The Proteome Informatics Group (PIG) is involved in software and database development for the benefit of the proteomics and the glycomics communities. These resources are made available through the ExPASy server. Software tools support experimental mass spectrometry data analysis, mainly for the detection of posttranslational modifications. Databases store knowledge of carbohydrate attached to proteins as well as protein-carbohydrate interactions.

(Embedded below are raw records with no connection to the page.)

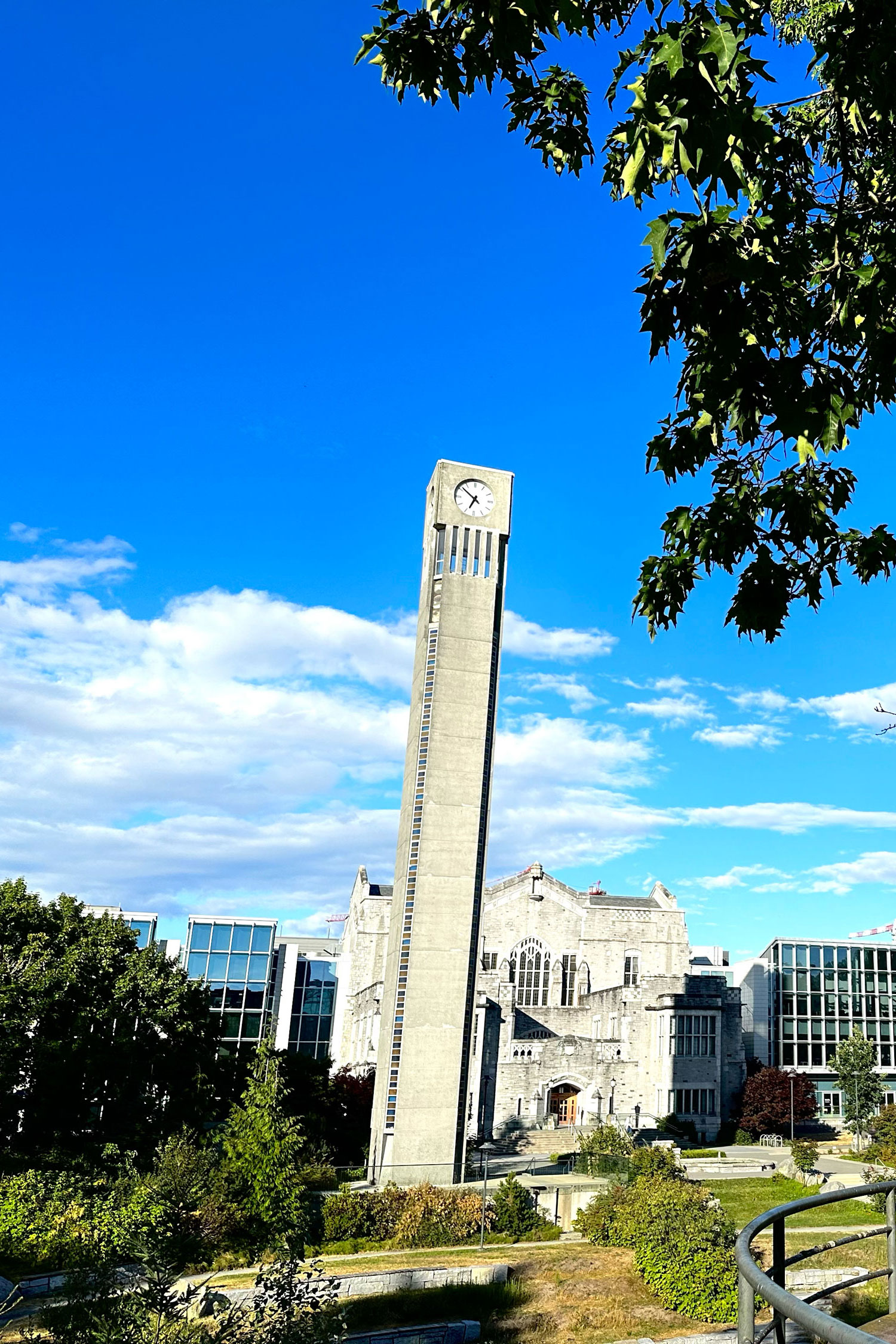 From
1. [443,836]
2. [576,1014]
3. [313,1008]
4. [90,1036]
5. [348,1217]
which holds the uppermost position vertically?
[443,836]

A proteome is the protein complement expressed by a genome. A single genome gives rise to several proteomes reflecting responses to external and internal signals. Proteomics is the analysis of proteomes. It involves a range of experimental techniques, the most common being mass spectrometry (MS). Experimental data is processed in order to identify and quantify proteins, determine their cellular location, modifications, interactions and, ultimately, their function.

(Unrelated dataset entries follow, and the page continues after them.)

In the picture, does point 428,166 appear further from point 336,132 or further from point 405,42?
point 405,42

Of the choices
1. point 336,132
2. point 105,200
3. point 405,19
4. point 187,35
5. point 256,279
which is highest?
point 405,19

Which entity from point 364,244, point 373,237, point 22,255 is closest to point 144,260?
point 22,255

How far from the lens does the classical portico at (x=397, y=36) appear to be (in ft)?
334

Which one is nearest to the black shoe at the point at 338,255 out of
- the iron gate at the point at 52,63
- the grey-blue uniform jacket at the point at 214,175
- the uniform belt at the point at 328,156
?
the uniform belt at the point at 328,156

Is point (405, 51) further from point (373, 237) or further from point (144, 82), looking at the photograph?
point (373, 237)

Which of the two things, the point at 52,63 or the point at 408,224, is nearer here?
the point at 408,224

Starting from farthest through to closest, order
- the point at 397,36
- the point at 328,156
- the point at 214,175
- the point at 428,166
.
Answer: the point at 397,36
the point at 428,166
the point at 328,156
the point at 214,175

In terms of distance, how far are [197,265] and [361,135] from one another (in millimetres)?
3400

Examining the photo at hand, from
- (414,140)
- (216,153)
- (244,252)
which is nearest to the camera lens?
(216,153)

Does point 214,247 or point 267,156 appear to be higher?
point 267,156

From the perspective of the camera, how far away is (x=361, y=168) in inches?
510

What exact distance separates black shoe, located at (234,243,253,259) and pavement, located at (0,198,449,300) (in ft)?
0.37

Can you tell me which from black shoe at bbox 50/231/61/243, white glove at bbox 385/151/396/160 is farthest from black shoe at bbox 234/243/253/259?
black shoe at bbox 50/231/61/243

Posttranslational modifications (PTMs) are chemical modifications of amino acids following protein synthesis and form the repertoire of protein function modulators. Glycosylation, i.e., the addition of glycans/sugars to proteins and lipids represents not only the most abundant PTM, but also the most structurally diverse. This diversity arises from the many ways in which monosaccharides can be linked together during their synthesis by a complex enzymatic machinery that forms higher-order structures. Glycosylation has crucial roles in most physiological processes and diseases.
Projects and Services
PTM-oriented proteomics toolsEstimates of the PTM occurrence vary but they all suggest a gap between what is currently known and what remains to be discovered. Tandem mass spectrometry (MS/MS) is a technology of choice for the identification of PTMs and is often used in a high throughput set-up. The subsequent analysis of data depends heavily on bioinformatics. The standard approach to analysis of MS/MS spectra is to run Peptide Fragment Fingerprinting (PFF) software such as Sequest, Mascot, Phenyx or X!Tandem. These tools commonly identify 5-30% of the spectra in a dataset. An important part of the unidentified spectra is likely to match peptides carrying unexpected modifications. But, typical PFF tools share the limitation of imposing a user-defined list of potential modifications prior to the search. To circumvent this restriction and allow open modification search, we have proposed the combination of PFF search algorithms with spectral library search. This has resulted in the implementation of the QuickMod platform. QuickMod is implemented in Java based on mzJava an open-source Java library also developed at PIG. Several on-going research projects rely on the use and improvement of QuickMod, notably on the precise positioning of PTMs in peptides.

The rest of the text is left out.